Baltic, central and eastern European states believe the bloc itself is also under assault from Russia on multiple fronts, with Lithuania citing a risk of possible Russian military strikes from Belarus, a close Russian ally.

“Any further military aggression against Ukraine will have massive consequences and severe cost in response, including restrictive measures coordinated with partners,” leaders said in their final summit statement, referring to U.S. and UK allies.

The West imposed economic sanctions on Russia in 2014 over its annexation of the Crimean peninsula from Ukraine, with measures targeting Russia’s energy, banking and defence sectors.

Although no sanctions were debated at the summit, diplomats have said new measures could include targeting Russian oligarchs, banning EU transactions with private Russian banks and possibly cutting all Russian banks from the SWIFT network that is the lifeblood of international money transfers.
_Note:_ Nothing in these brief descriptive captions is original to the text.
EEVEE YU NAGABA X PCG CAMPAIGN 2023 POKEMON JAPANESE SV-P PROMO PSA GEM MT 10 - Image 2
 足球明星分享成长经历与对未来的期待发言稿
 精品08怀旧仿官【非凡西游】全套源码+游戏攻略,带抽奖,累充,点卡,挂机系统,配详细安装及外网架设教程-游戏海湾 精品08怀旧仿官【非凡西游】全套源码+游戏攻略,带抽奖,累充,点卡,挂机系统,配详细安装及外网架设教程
EU leaders said the bloc “encourages diplomatic efforts and supports the Normandy format in achieving the full implementation of the Minsk Agreements,” referring to 2014-2015 peace deals agreed with Germany, France, Ukraine and Russia.

The warnings at an EU summit were some of the most direct in recent weeks as the United States and its NATO allies seek to deter any possible Russian attack on Ukraine and reduce Moscow’s margin for surprise. Many NATO allies are also EU member states.

“We really are facing a series of attacks. I see them all as associated,” Latvian Prime Minister Krisjanis Karins told reporters, listing what he said was the weaponisation of Middle East migrants on Belarus’ borders with the EU, artificially high prices for Russian natural gas, and Russian disinformation.

Ukraine remains the main flashpoint between Russia and the West. Washington says Russia has amassed more than 100,000 troops on Ukraine’s borders, possibly for an invasion. Moscow says it has a right to move its troops around its own territory as it sees fit but says the manoeuvres are purely defensive.

NATO Secretary-General Jens Stoltenberg said on Thursday Russia was increasing, not reducing, its troops on the border.

“We see no sign that this build-up is stopping or slowing down. On the contrary, it continues,” he told reporters at NATO headquarters, standing alongside Ukrainian President Volodymyr Zelenskiy.

Stoltenberg said there were Russian “combat-ready troops, tanks, artillery, armoured units, drones (and) electronic warfare systems” on Ukraine’s border.

The Kremlin denies the West’s accusations against it, including any plan to invade Ukraine. It says it has legitimate security interests in the region and on Wednesday handed proposals to the United States that NATO should not expand eastwards.

A statement on Thursday by NATO allies said: “We support the right of all countries to decide their own future and foreign policy free from outside interference.”

‘Dangerous situation’

Russia’s Baltic neighbours attacked what they see as Moscow’s attempts to blur the line between peace and war.

“We are probably facing the most dangerous situation in the last 30 years. I am talking about not only Ukraine but the eastern flank of NATO,” said Lithuanian President Gitanas Nauseda, a day after EU leaders held a summit with Ukraine and four other ex-Soviet republics in Brussels.

He cited fears that Russia might integrate Belarus, which borders Poland and two Baltic states, into its military systems and use its territory “as a possible platform to attack neighbouring countries”.

Any coordinated EU sanctions will likely depend on Germany, whose new centre-left chancellor Olaf Scholz has taken a tougher line than his centre-right predecessor, Angela Merkel.

However, Berlin would still be torn over whether to risk Russian natural gas supplies to its businesses and households this winter by standing up to Moscow, diplomats said.